Actually that was what I meant with my second translation...
I added some elements just to make it clearer: "hardly" because there was a possibility to meet up despite all, "all together" because I'm sure she means not only the two of us, but the whole group of friends, and the "if you come" was implied. 
I didn't need a very literal translation, just the general meaning, that's why I've felt free to add something, knowing the context. 

P.S. As for my first translation, after posting here I thought about the sentence for a while and I was pretty sure it wasn't correct.

Again, thanks.


----------



## Nucleara

Hello Shini, am I too late ? : p*
Well I think I would post something here since I'm Thai. 

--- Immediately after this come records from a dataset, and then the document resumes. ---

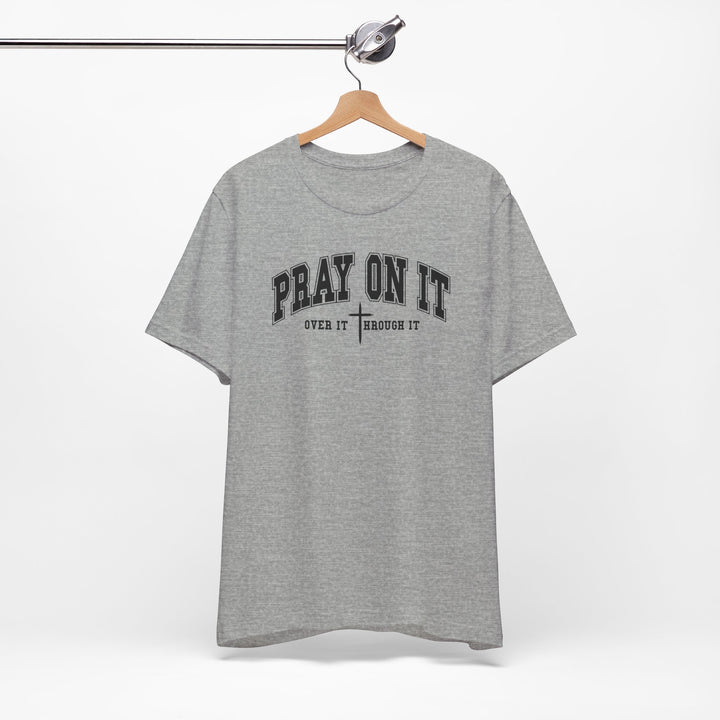 Pray On It, Over It, Through It W/ Cross - Unisex Crew-Neck Tee - Joy & Country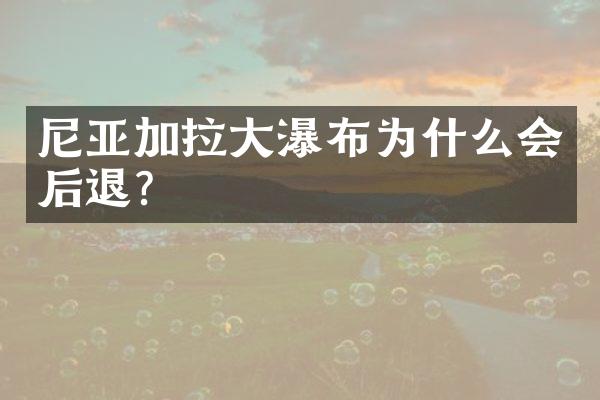 尼亚加拉大瀑布为什么会后退?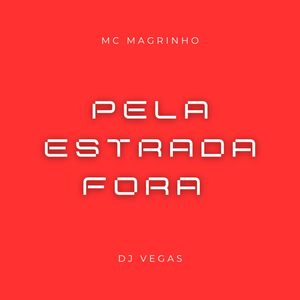 PELA ESTRADA FORA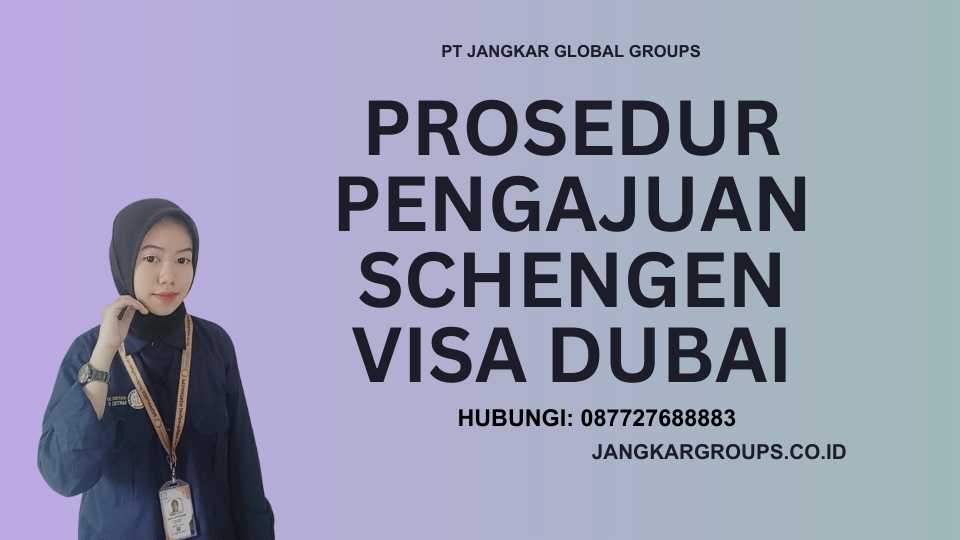 Prosedur Pengajuan Schengen Visa Dubai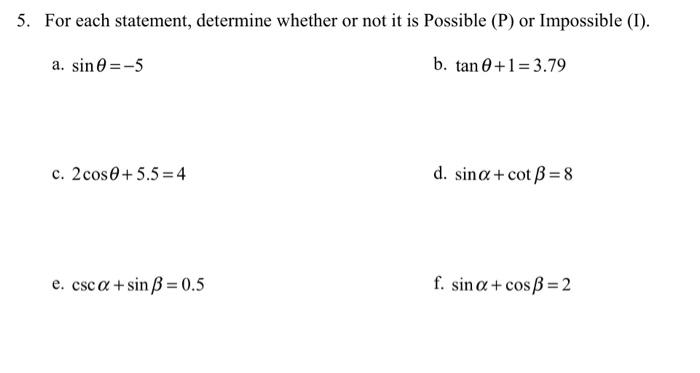 5. For each statement, determine whether or not it is Possible (P) or Impossible (I).
a. \( \sin \theta=-5 \)
b. \( \tan \the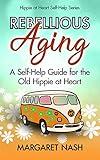 Rebellious Aging: A Self-help Guide for the Old Hippie at Heart (Hippie-at-Heart Self-Help Series)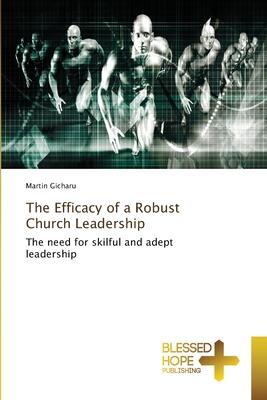 The Efficacy of a Robust Church Leadership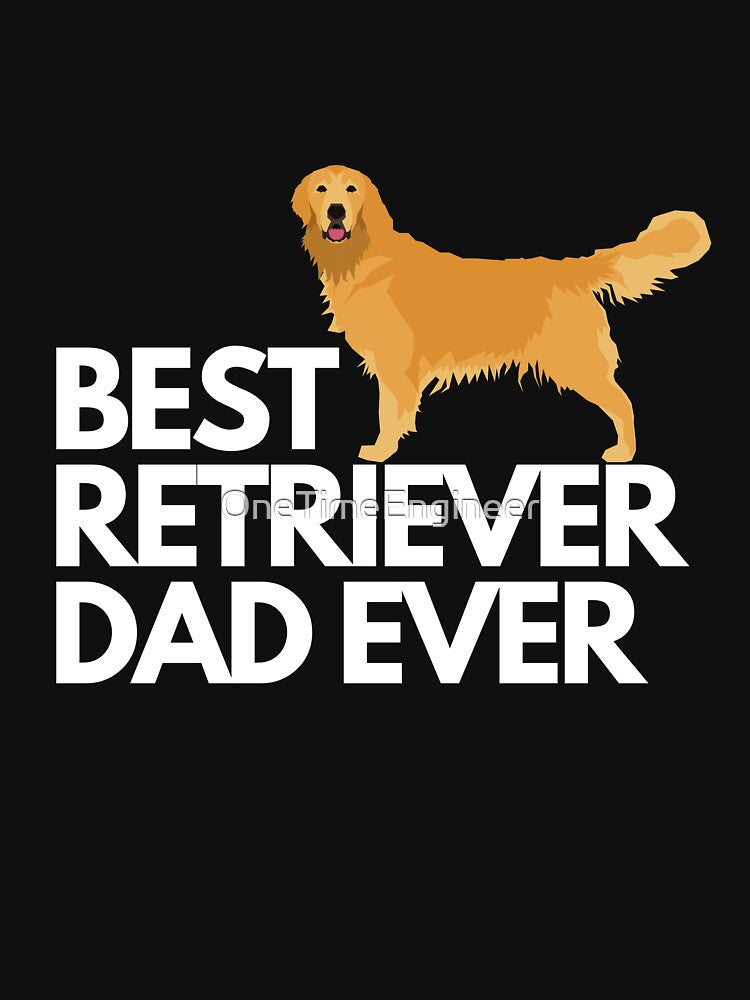 Best golden retriever dad ever quote Funny retriever dad saying by OneTimeEngineer T-Shirts, Hoodie, Sweatshirt (Image 3)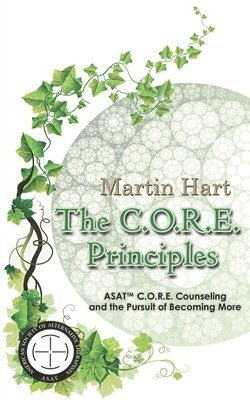 Martin Hart - C.O.R.E. Principles, Häftad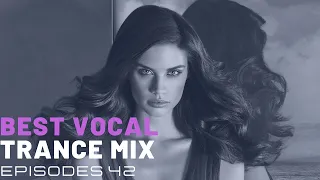 BEST VOCAL TRANCE MIX I EPISODES 42 ❤️❤️🔥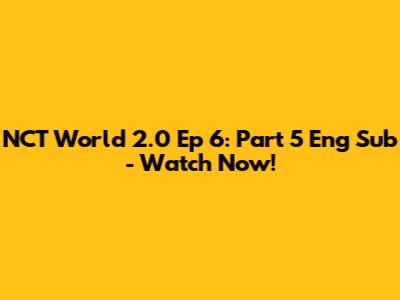 NCT World 2.0 Ep 6: Part 5 Eng Sub - Watch Now!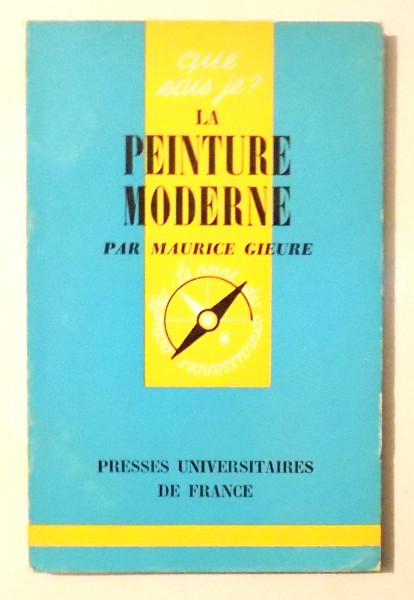 LA PEINTURE MODERNE par MAURICE GIEURE , 1962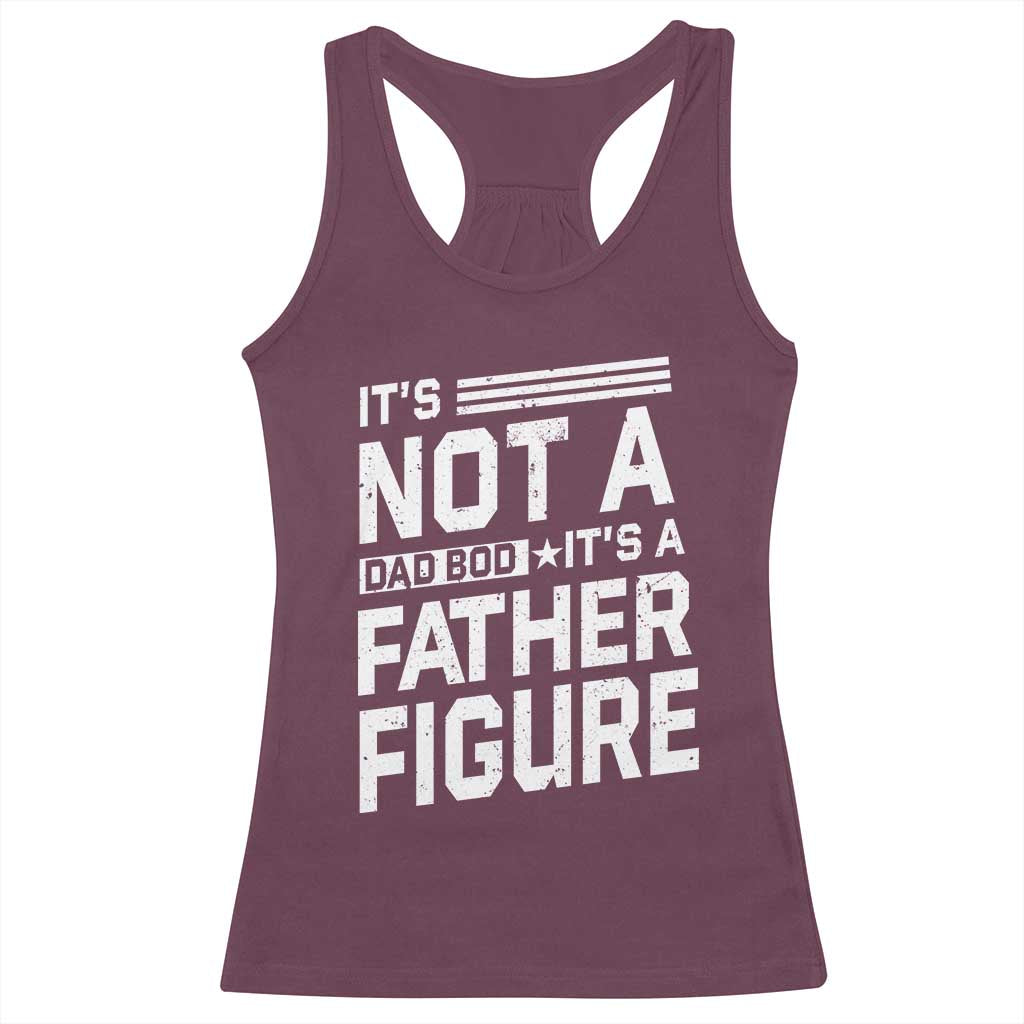 Funny It's Not A Dad Bod It's A Father Figure Racerback Tank Top Father's Day TS11 Maroon Print Your Wear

Yes, context is necessary. To me, generally "กลัวว่าจะไม่ได้เจอกัน" means the first translation of yours. But okay it could also mean "I'm afraid we will hardly be able to be all together if you come" . You just need to find out what the point of your friend was.  "I'm afraid we won't get to see each other." sounds best ,I guess.


----------



## Shini

Sawatdee Nucleara 

It's never too late to learn some more... so thank you for your answer. That was really helpful, especially because you're a native. Kob kun na ka


----------



## Nucleara

Shini said:


> Sawatdee Nucleara
> 
> It's never too late to learn some more... so thank you for your answer. That was really helpful, especially because you're a native. Kob kun na ka


 
Haha, you´re welcome


----------